- Safiath pictured circa 2022

Background information
- Born: Safia Aminami Issoufou Oumarou 15 April 1982 (age 43) Khartoum, Sudan
- Genres: Rap
- Occupations: Singer, rapper, songwriter

= Safiath =

Safia Aminami Issoufou Oumarou (born 15 April 1982), known professionally as Safiath, is a Nigerien singer, rapper, and songwriter.

==Early life and career beginnings==
Safiath was born in Khartoum, and is ethnically Tuareg and Kanuri; she was born to a Sudanese mother and a Nigerien father. She went to Morocco to study economics and banking. In Rabat, she joined a group that performed salsa, in which she played guitar; she then returned to Niger, where she found it easier to gain work as a musician than using her degrees.

==Career==
Safiath is the lead singer of the rap group Kaidan Gaskiya, but has sung a variety of other genres as well. She has represented Niger in numerous international musical competitions, including the 2013 Jeux de la Francophonie in Nice.
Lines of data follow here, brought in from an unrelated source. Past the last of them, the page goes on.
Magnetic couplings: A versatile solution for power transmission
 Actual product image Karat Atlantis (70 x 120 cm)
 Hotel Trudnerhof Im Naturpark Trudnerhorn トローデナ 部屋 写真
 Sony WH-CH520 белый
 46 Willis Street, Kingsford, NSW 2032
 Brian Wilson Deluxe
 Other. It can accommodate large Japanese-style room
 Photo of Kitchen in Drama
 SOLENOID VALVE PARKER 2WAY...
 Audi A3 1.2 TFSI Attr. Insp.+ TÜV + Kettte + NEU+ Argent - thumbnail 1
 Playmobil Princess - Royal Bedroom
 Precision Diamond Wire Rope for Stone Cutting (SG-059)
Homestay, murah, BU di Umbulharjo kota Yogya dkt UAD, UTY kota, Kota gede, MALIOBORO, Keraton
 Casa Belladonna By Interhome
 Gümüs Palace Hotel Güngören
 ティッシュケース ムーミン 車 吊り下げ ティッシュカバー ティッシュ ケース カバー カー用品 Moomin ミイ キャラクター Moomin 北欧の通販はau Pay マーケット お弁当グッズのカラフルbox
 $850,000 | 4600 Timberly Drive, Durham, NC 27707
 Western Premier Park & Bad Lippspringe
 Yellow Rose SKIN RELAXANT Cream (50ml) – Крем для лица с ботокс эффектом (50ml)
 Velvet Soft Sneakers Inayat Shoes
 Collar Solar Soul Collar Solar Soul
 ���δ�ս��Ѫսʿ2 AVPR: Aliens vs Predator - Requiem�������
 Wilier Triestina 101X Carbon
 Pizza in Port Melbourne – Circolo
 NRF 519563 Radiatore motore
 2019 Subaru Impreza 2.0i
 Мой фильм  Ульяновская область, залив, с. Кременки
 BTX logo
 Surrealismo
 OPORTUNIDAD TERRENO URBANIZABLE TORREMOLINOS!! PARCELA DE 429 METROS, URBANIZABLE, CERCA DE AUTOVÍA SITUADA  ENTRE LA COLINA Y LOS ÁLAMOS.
Outside of Niger, Safiath has also collaborated with artists from other African nations during her performing career.

===Musical style===
Safiath has written songs in French, Hausa, Zarma and Tamasheq. They frequently deal with social issues, similar to those of Zara Moussa; children's rights in particular are a popular theme in her work, and she has spoken of a desire to raise consciousness in a younger generation with her songs.

She has articulated a desire for Nigeriens to engage more deeply with indigenous music, expressing concern over the increasing influence of foreign elements. She is concerned that French and American music specifically are affecting the quality of Nigerien rap.

==Personal life==
As of 2013, Safiath is married to the rapper Phéno, with whom she has a child.